Five microliters of stock solutions (E. coli DH5α cells and bacteriophage Phi6, around 103 copies; E. coli DH5α proteins and SARS-CoV-2 spike proteins, around 10 pg) and water samples were directly loaded onto the fabricated ACE2@SN-SERS substrate and incubated at room temperature for 5 min. After dryness, the substrate was ready for Raman spectral acquisition and can be stored at 4 °C for at least 1 week. A series dilution of SARS-CoV-2 spike proteins were used to obtain the qualitative curves between Raman shifts and SARS-CoV-2 spike proteins, ranging from 0.1 pg to 10 pg.

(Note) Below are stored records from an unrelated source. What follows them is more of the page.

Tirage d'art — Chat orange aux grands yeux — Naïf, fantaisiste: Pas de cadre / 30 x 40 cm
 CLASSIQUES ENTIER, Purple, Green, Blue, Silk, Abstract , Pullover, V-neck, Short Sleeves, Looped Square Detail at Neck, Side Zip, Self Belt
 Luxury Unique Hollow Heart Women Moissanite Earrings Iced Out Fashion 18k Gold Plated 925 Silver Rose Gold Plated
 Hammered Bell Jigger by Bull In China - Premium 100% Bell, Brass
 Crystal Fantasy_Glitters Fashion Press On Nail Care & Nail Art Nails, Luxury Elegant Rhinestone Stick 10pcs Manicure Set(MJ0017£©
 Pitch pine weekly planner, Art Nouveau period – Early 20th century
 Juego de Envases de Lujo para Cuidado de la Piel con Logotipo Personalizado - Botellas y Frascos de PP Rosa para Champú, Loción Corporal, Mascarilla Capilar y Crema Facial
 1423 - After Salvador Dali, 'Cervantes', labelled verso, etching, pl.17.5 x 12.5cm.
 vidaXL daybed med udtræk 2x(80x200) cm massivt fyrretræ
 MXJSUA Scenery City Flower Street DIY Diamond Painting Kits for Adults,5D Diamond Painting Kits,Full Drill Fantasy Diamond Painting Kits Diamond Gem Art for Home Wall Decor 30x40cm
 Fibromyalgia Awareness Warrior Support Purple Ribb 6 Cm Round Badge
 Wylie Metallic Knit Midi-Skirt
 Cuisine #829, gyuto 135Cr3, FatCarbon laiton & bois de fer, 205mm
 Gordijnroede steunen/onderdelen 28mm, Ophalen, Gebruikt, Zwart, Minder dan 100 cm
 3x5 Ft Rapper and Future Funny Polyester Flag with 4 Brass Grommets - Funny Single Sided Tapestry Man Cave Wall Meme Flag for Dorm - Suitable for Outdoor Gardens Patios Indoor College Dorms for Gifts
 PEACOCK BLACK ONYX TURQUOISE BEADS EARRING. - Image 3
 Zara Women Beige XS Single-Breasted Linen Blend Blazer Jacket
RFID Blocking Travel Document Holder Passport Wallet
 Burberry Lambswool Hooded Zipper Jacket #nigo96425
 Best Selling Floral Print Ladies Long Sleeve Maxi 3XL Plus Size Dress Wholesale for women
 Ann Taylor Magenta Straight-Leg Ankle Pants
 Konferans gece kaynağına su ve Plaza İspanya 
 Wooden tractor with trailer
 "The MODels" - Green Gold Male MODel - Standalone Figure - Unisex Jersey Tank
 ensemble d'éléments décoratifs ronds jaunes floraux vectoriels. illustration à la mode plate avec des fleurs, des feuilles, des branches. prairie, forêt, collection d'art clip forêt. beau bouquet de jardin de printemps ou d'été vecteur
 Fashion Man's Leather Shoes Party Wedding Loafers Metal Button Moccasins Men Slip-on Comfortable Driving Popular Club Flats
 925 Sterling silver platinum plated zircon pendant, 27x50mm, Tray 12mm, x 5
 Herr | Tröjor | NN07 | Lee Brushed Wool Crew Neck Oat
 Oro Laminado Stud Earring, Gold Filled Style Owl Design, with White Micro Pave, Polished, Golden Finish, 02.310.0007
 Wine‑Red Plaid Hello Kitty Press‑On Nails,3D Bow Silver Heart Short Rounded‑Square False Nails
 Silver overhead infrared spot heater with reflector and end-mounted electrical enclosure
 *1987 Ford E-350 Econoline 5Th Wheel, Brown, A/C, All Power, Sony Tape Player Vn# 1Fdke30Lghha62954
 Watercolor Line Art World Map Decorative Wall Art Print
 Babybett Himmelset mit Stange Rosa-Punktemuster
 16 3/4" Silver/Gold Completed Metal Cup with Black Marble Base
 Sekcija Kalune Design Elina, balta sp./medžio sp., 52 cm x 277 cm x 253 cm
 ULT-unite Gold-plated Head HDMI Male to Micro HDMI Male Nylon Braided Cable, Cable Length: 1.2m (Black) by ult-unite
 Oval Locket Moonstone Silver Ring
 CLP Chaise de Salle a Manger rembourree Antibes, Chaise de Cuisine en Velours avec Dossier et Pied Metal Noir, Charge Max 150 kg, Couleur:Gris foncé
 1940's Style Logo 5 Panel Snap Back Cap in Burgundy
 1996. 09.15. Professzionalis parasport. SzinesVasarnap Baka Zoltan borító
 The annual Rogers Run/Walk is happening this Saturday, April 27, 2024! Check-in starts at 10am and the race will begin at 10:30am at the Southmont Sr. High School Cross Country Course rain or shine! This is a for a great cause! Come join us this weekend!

Raman spectral acquisition

For laboratory test, Raman spectra were acquired using a near-infrared confocal Raman microscope (HR evolution, Horiba, USA) equipped with a 785 nm near-IR laser source, a 300 l/mm grating and a semiconductor-cooling detector (CCD). All Raman spectra were collected with a 50× objective lens (NA=0.7) at an exposure time of 10 s, 3 accumulations, and laser power of 10 mW prior to lens. Raman spectroscopic system was calibrated with a silicon wafer at Raman shift of 520 cm−1. At least five random regions were measured for each sample, and a minimum of 9 individual spectra were acquired per sample. A 785-nm portable Raman spectrometer (Finder Edge, Zolix, China) was used for on-site detection, and the ACE2@SN-SERS substrate was placed on the probe of the portable Raman spectrometer with the following parameters: 0.5 s acquisition time and 300 mW laser power. This portable Raman spectrometer has a satisfactory spectral resolution of 4 cm−1 to distinguish possible spectral shift of biological samples. At least five-time measurement was conducted for each sample. For both laboratory and on-site test, all Raman spectra were recorded in the range of 100–3500 cm−1 in biological triplicates. On-site spectra acquisition took only 2 min, followed by multivariate analysis for about 3 min to allow overall test within 5 min.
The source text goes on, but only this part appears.